In 2016 I moved 8,000 km from Canada to Ireland with my Irish husband and daughter.
It's coming up to Christmas and some people have asked me (including some newly found cousins) some seemingly innocent questions such as:
- Do you go home a lot?
- Do your parents come over here?
- Do you like it here?
- How do you about spending Christmas away from your family?
- you married a foreigner. That's... where are you going to live and... family?
- do you go back to your home country a lot?
- etc.
These questions make my skin crawl.
It says a lot about the person asking them. It says that they feel a lot of attachment to their 'home' or where they grew up. It says that they experience a lot of comfort and joy from their family of origins.
It says that we are different people who might not be able to relate and that the answers to some of the questions might come across as cold/callus to them.
Right. Here's what's going through my mind when they ask me those:
- If I went back to my mother's house she would scream at me about dishes and we would fight.
- Parents plural? My father hasn't come around to see me in over 20 years. Last time my mother came to visit she used my house as a hotel even though I was 2 weeks postpartum and was mean to me and would not help me in any way.

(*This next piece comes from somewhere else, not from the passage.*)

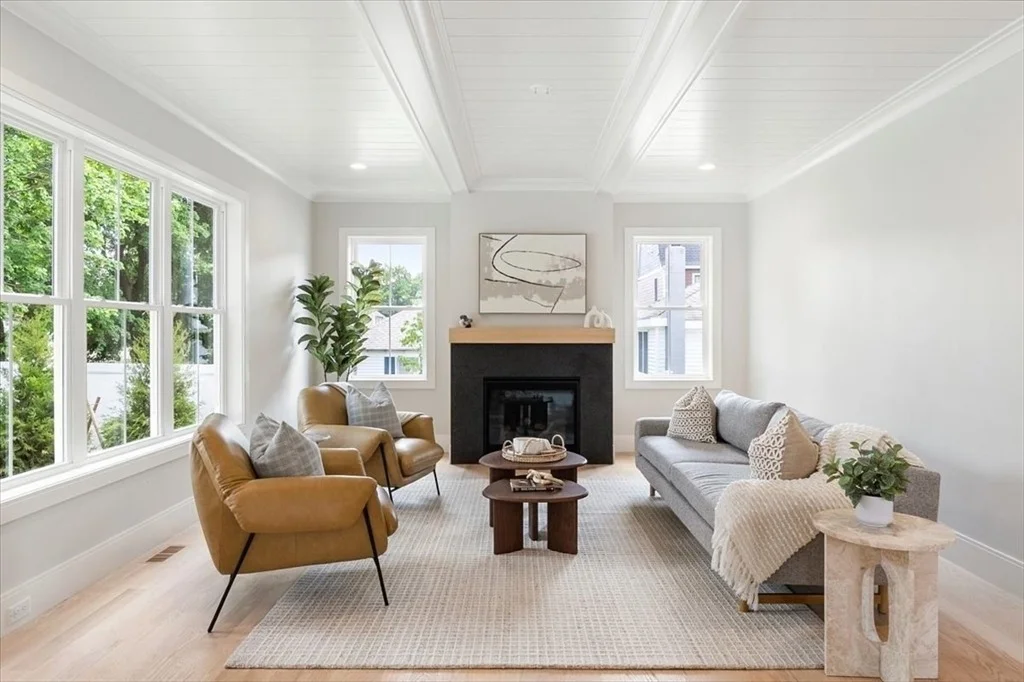 Photo of 6 Oak Knoll Road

- I've already been living here for 3 YEARS. My son was born here.
- I already have my own children and family. Why would you ask someone that when they know that you have your own family?
- I have only every dated foreigners. I was not able to get a man from my own culture to date me in my entire life. Also, the area that I was living in is a majority-minority area.

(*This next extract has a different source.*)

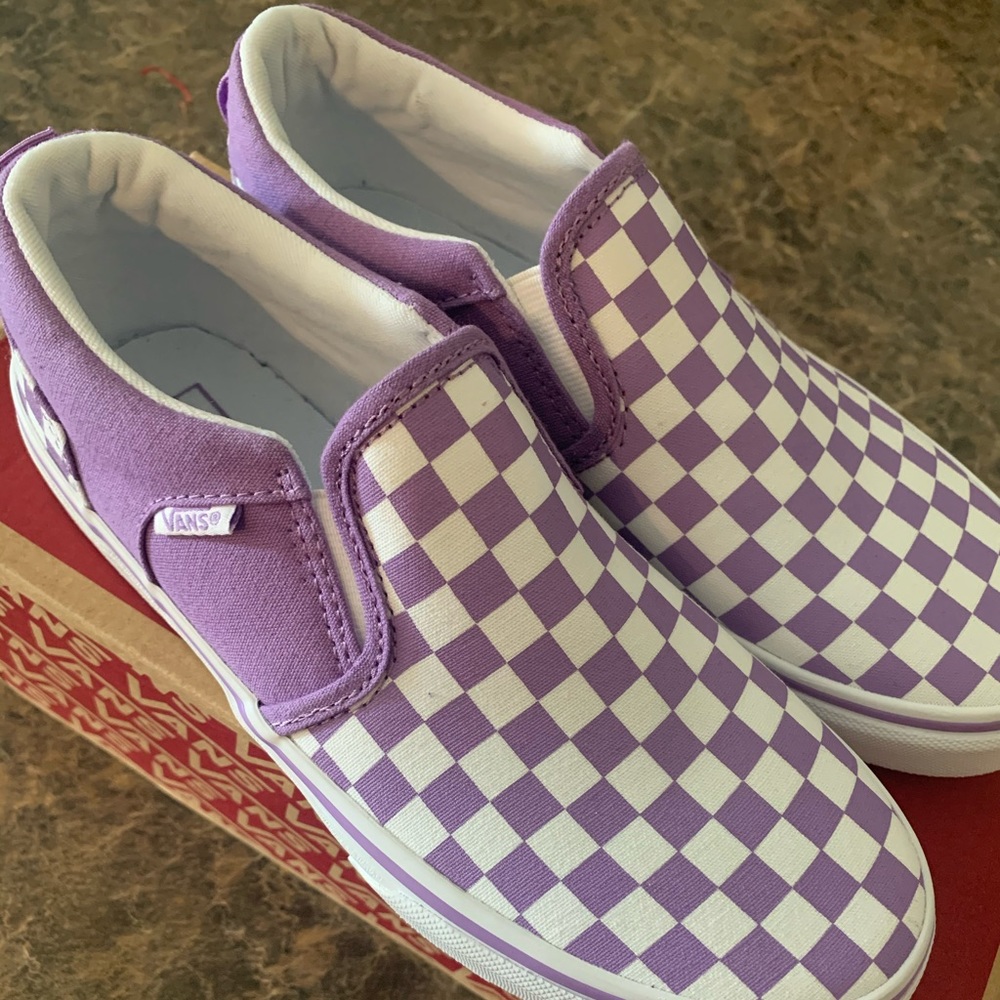 Vans - Picture 3 of 5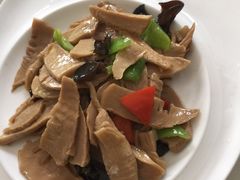 -天天向上素食餐厅(五台山店)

- I don't like my home country or where I'm from.
Things to consider:
I have a very non-traditional and complicated family history. I had an absentee father who kept me a secret from his family for 30+ years and my mother was a single mother who resented having to be a parent but wouldn't put me up for adoption either. She often took her resentment out on my grandfather and I.
My maternal grandfather babysat me while my mother was at work but he was old and tired and was hiding some health problems from us (possibly a generational thing as well).
I didn't enjoy growing up in my hometown. I was bullied at school and at home so I basically had a difficult childhood. Mostly my mother's fault. There were a lot of rough, burnt out on life single parents with dysfunctional families in my neighborhood (e.g. families where mom died and dad was an alcoholic who beat his son so his son bullied people at school; dad did drugs so mom was left poor on her own and vice versa)
The only reason why I reached out to the paternal side of my family is because I had a massive falling out with my mother in 2018. They didn't even know that I existed because my father didn't ever mention me to them despite having met me as a child a few times.
I don't like the direction that my homeland is going in culturally and politically. I've been personally hurt by these 'modern values'. They are not for me.
I'm an introvert and career-oriented. I've always been kind of detached and wherever I put my bag down is home.
There's just a whole lot of drama, negative events, conflict, and turmoil here that maybe someone you don't know very well doesn't need to know or maybe it's not something I should have to explain to an acquaintance.
How can I explain this to people that I don't know very well without being off-putting?